→ Aim of the task
Pictures in the listing below are skipped, while the lines from the "2016 Toyota Camry Special Edition - Photo 21" line through the "NEWPORTVILLE TERR - Residential" line are returned word for word.

→ Dataset excerpts
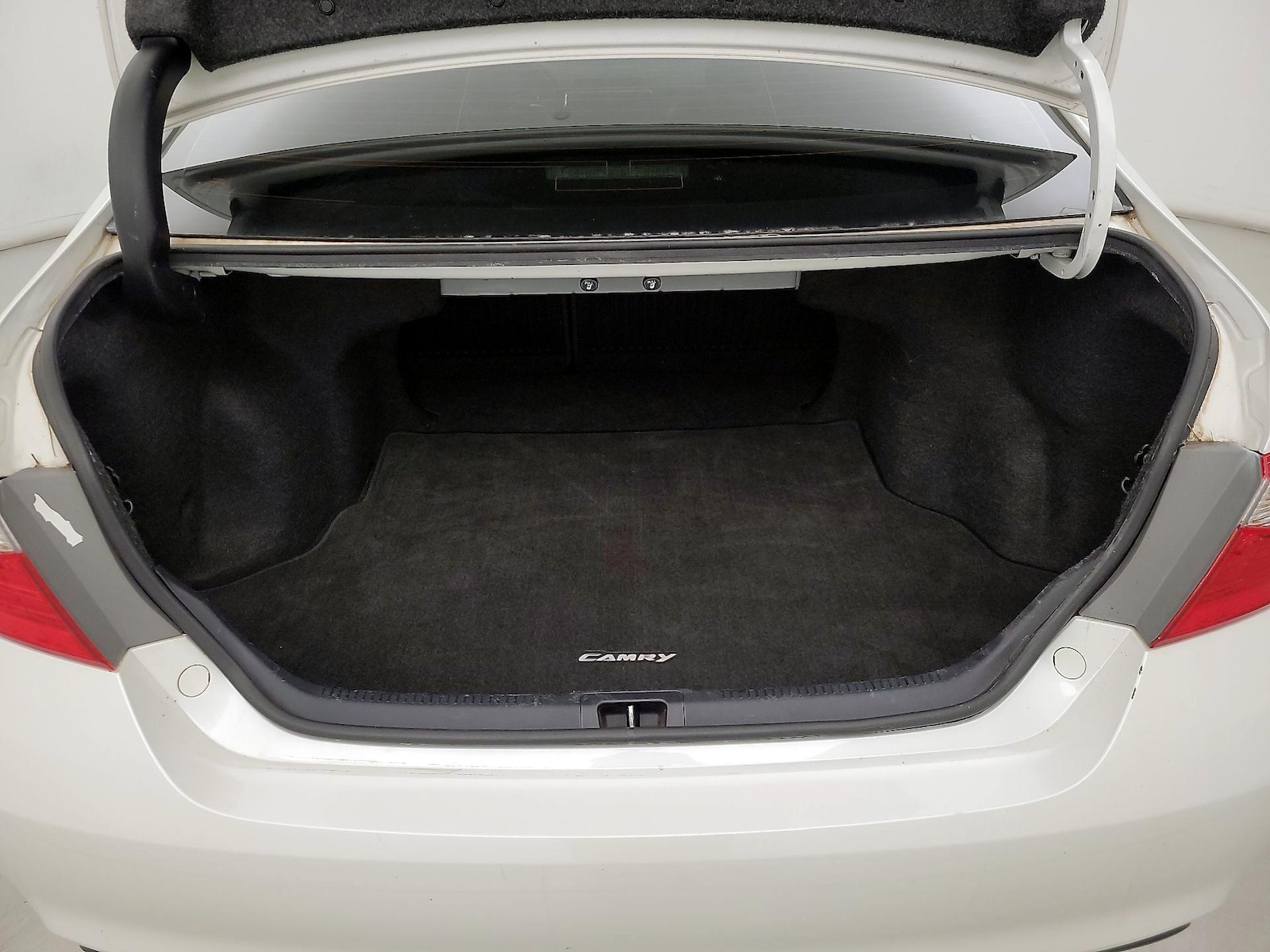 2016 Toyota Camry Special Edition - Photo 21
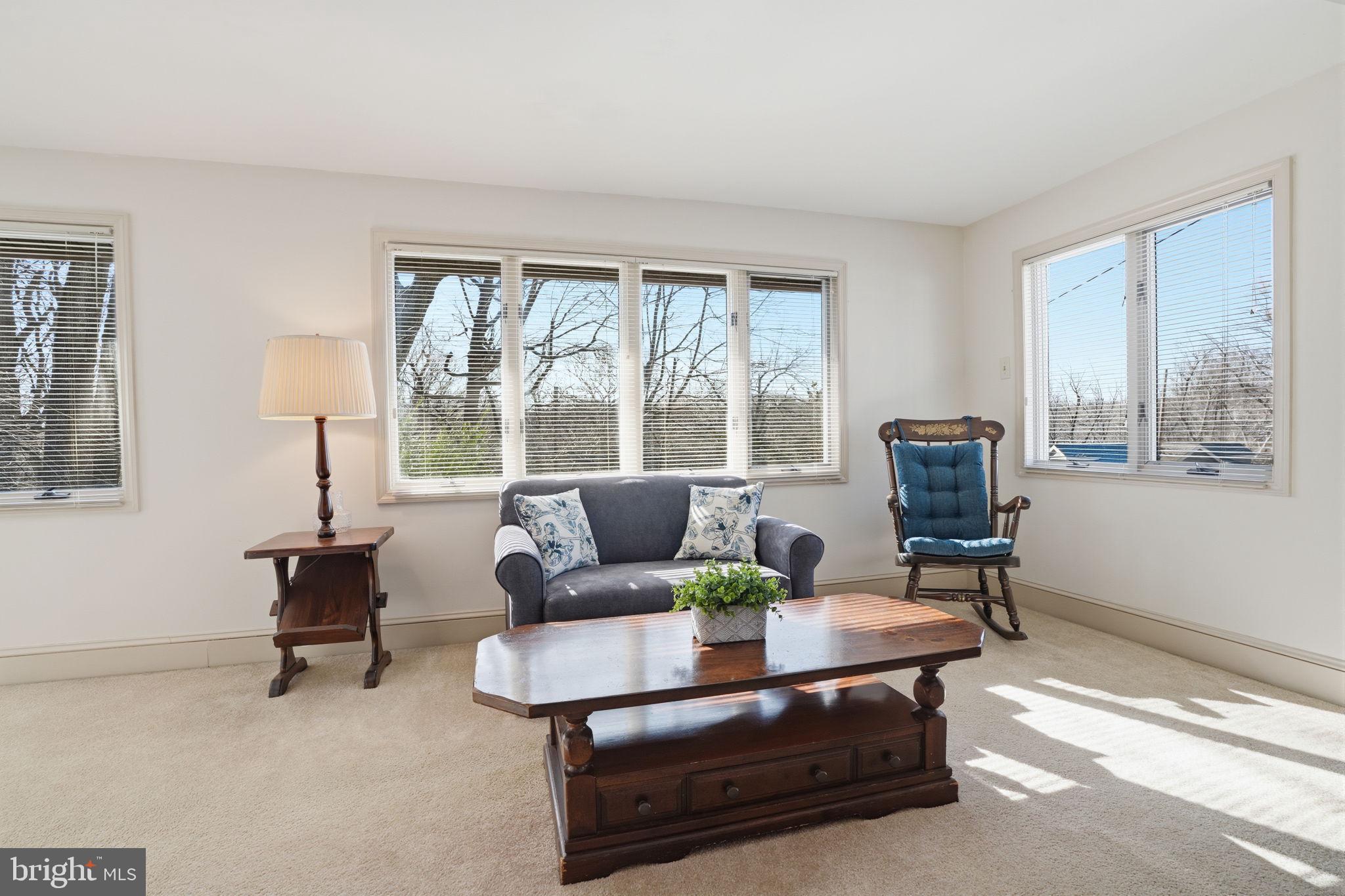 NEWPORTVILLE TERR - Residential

...

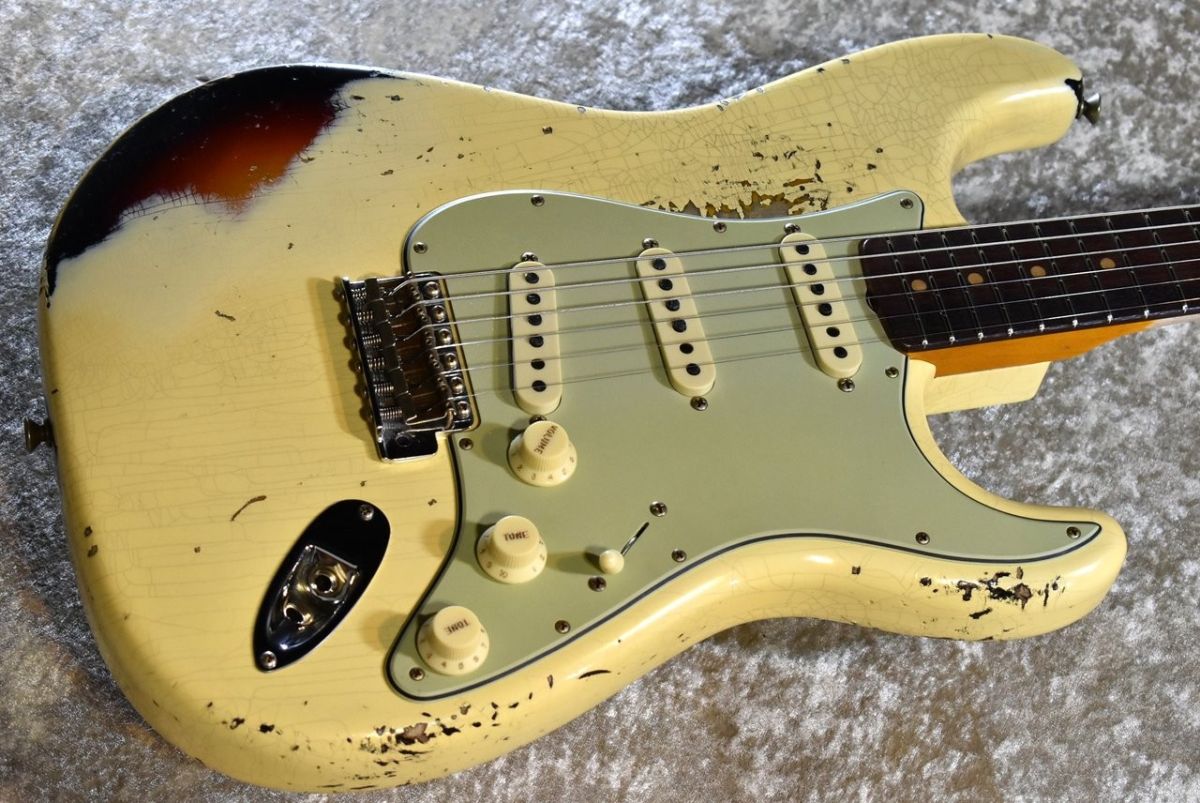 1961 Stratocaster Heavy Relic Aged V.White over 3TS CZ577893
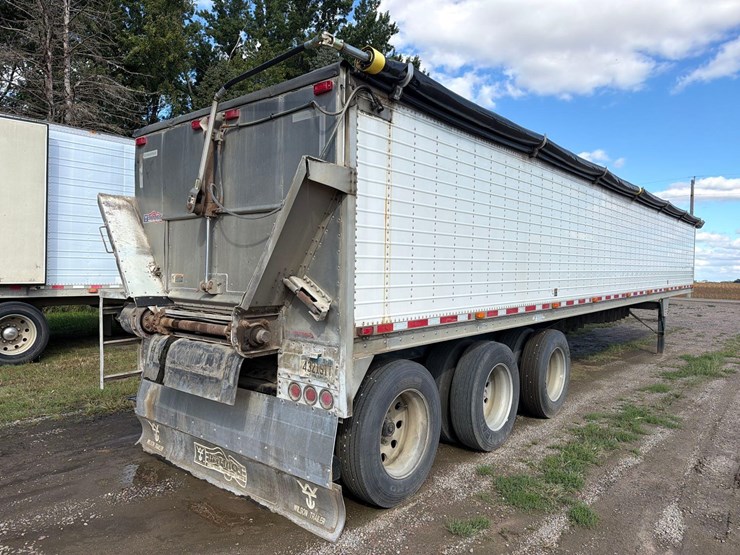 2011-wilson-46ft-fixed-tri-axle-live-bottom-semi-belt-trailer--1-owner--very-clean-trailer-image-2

--

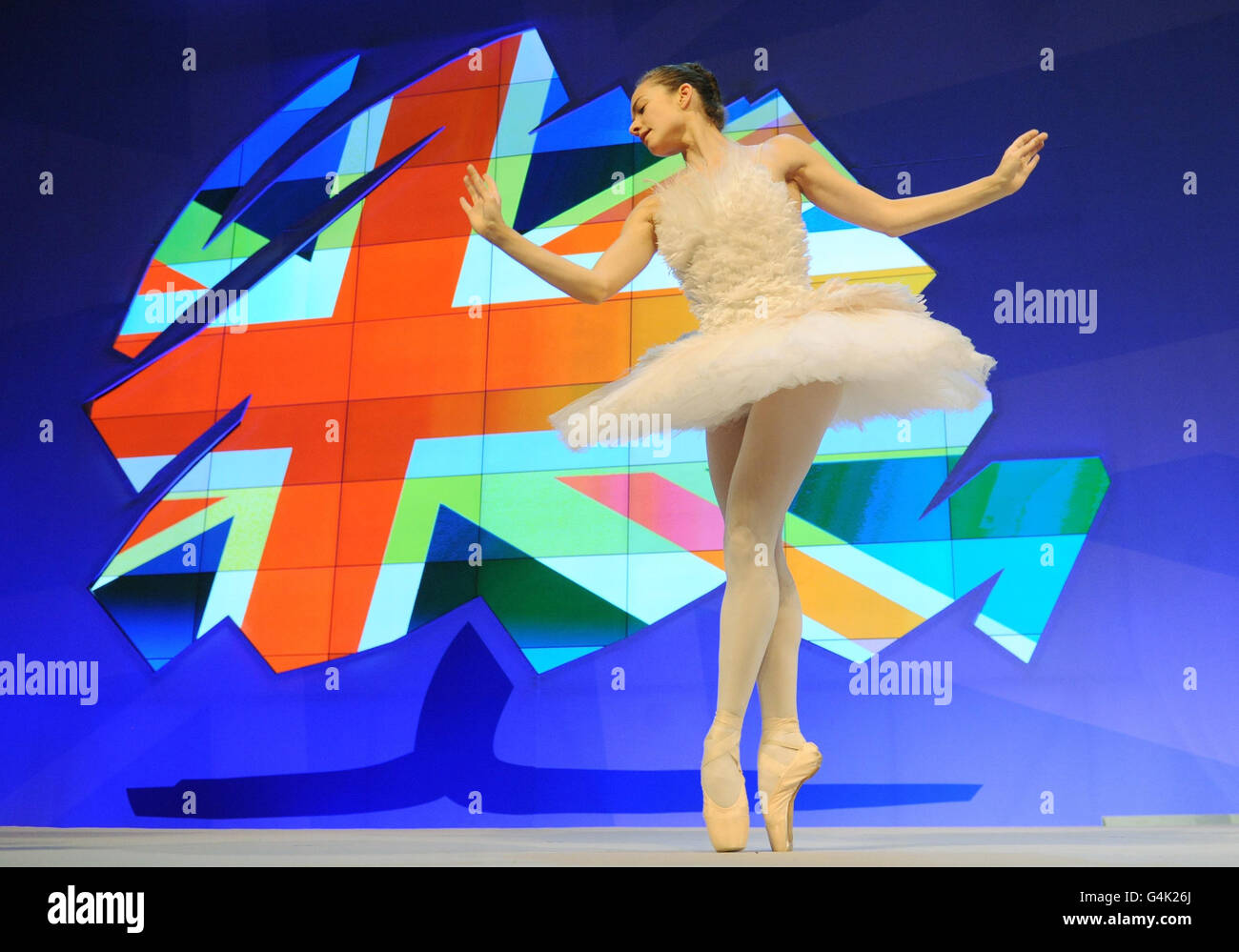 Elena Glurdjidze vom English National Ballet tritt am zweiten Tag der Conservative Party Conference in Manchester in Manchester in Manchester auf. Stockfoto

→ Exercise answer
 2016 Toyota Camry Special Edition - Photo 21
 NEWPORTVILLE TERR - Residential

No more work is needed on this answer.